START AVAILABLE DATA

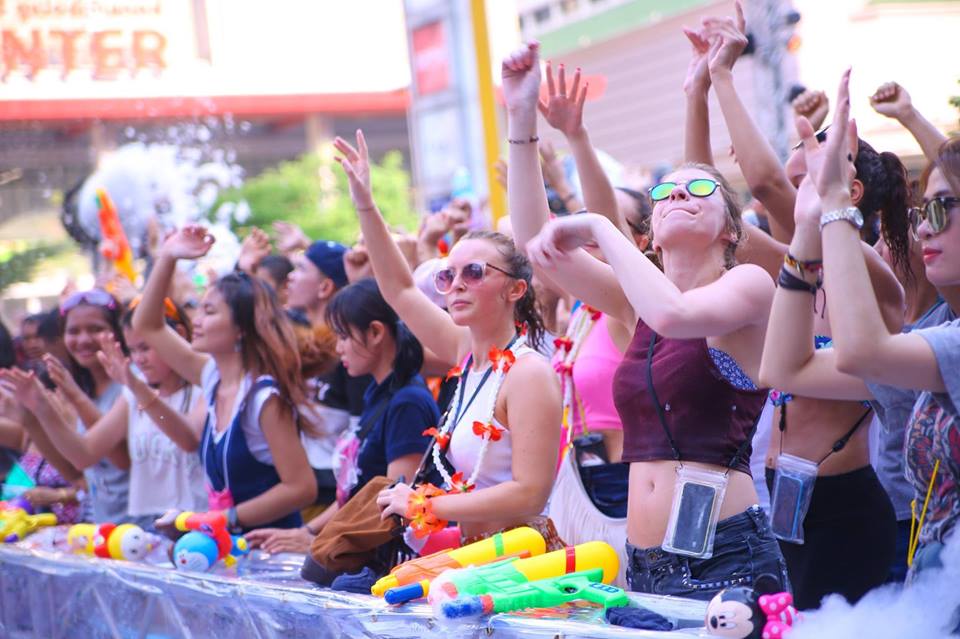 รวมรูปสาวสุดน่ารักในงาน M2F Bangkok Songkran Festival 2017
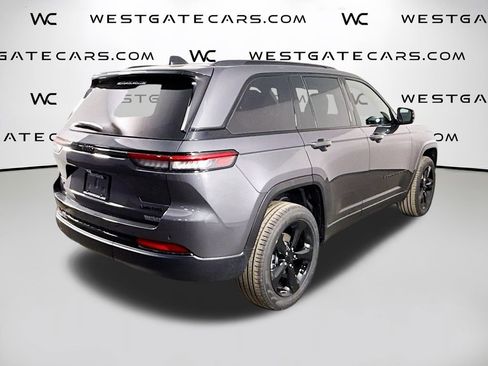 New 2025 Jeep Grand Cherokee Limited w/ Black Appearance Package image 8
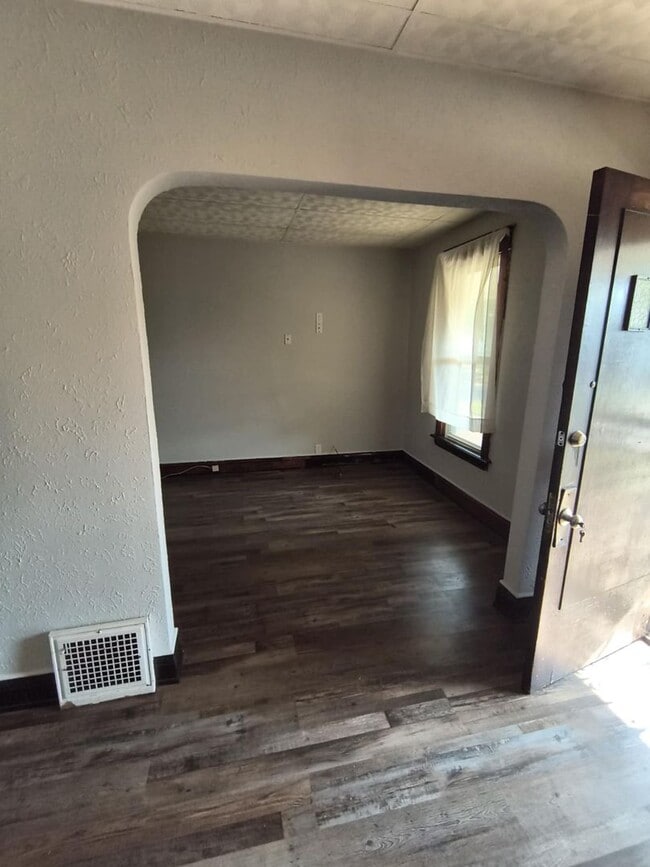 Building Photo - Spacious 3 Bedroom Located Near University...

END AVAILABLE DATA

■ TASK ITEM ■
Your answer must be an exact copy of the lines from the line with "New 2025 Jeep" to the final line of the data, both ends included, and no pictures.

■ EXERCISE OUTPUT ■
 New 2025 Jeep Grand Cherokee Limited w/ Black Appearance Package image 8
 Building Photo - Spacious 3 Bedroom Located Near University...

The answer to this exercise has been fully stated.